You can combine conditions in a few ways

  • Across Different Request Parts: Define multiple conditions involving the URL path, HTTP headers, and JSON body within a single rule. All specified conditions must be met for the rule to trigger.
  • Multiple Conditions within Headers: Specify multiple header key-value pairs that all must be present and match.
  • Multiple Conditions within Body JSON: Define multiple JSONPath conditions within the request body that all must match.

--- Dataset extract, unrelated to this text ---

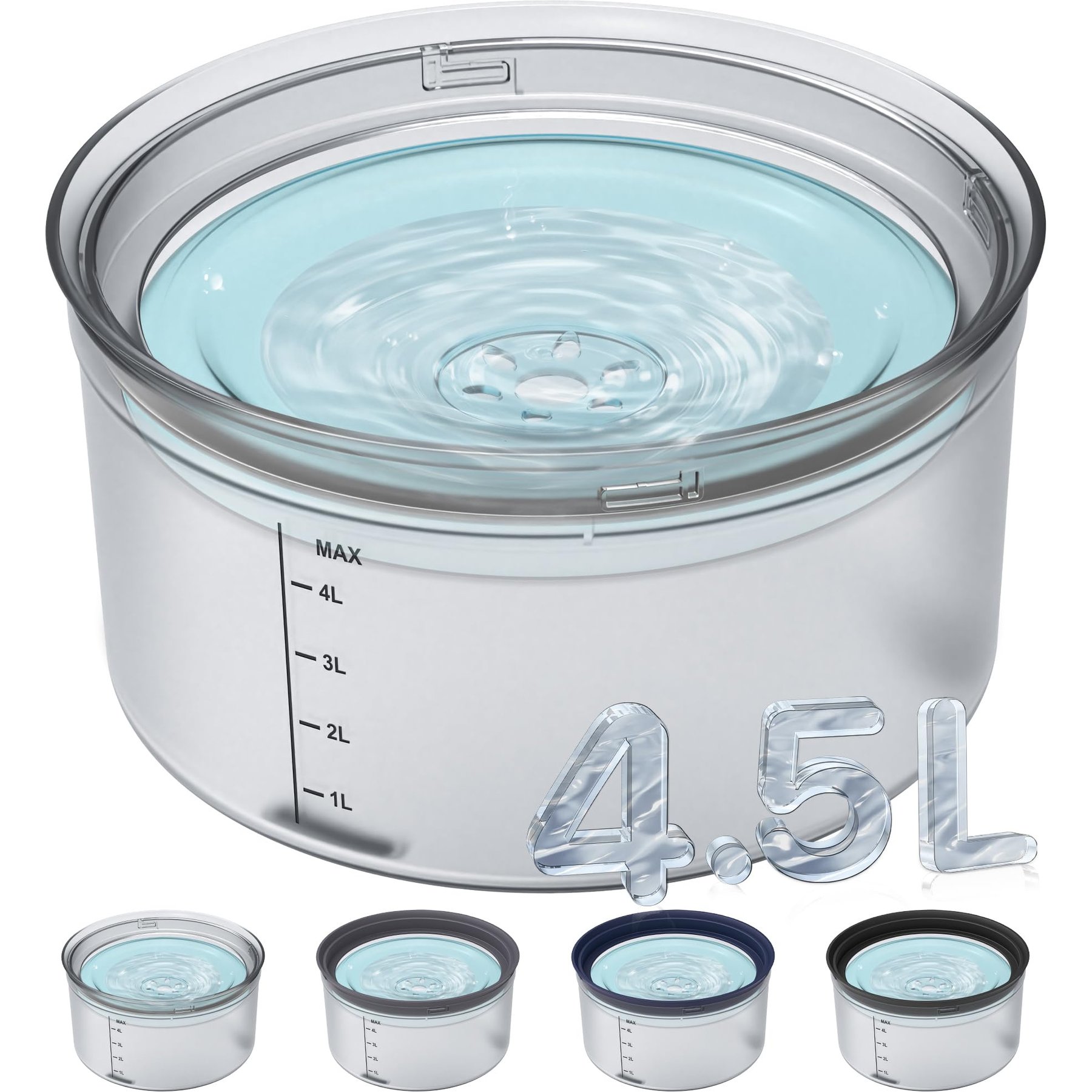 UPSKY No Spill Dog Water Bowl, 1.2-gal, Transparent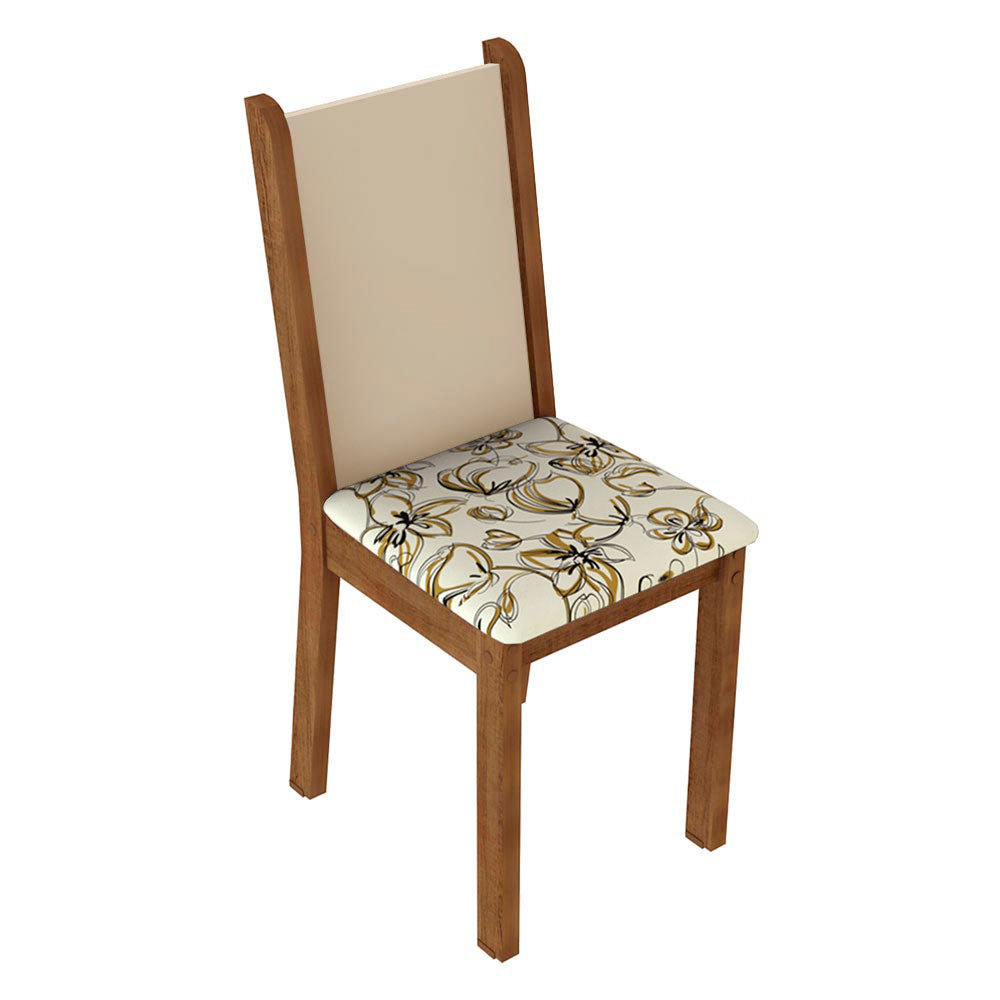 Kit 6 Sillas de Comedor 4291 Marrón/Crema/Lírio Beige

Combining conditions gives you tighter control over when a mock response is returned, enabling you to simulate complex API behaviors with precision.

Example

Here's an example where we combine a URL path with two HTTP headers and a body JSON Path as conditions:

# rule No.1 (priority)
[[rules]]
[rules.when.request]
url_path = "/api/check"
[rules.when.request.headers]
User = { value = "user1" }
X-Request-Id = { value = "abc123" }
[rules.when.request.body.json]
"a.b.c" = { value = "d" }

[rules.respond]
# Make sure to create `strictly-matched.json` in a JSON format!
file_path = "strictly-matched.json"

# rule No.2
[[rules]]
when.request.url_path = "/api/check"
when.request.headers.User = { value = "user1" }

[rules.respond]
text = "matched"

Important Note on Rule Order

The mock server uses a first-match strategy. This means it checks your rules from top to bottom in your apimock-rule-set.toml file. The first rule that completely matches an incoming request will be applied, and no further rules will be checked. Therefore, place your most specific or highest-priority rules at the top of the file to ensure they are evaluated first.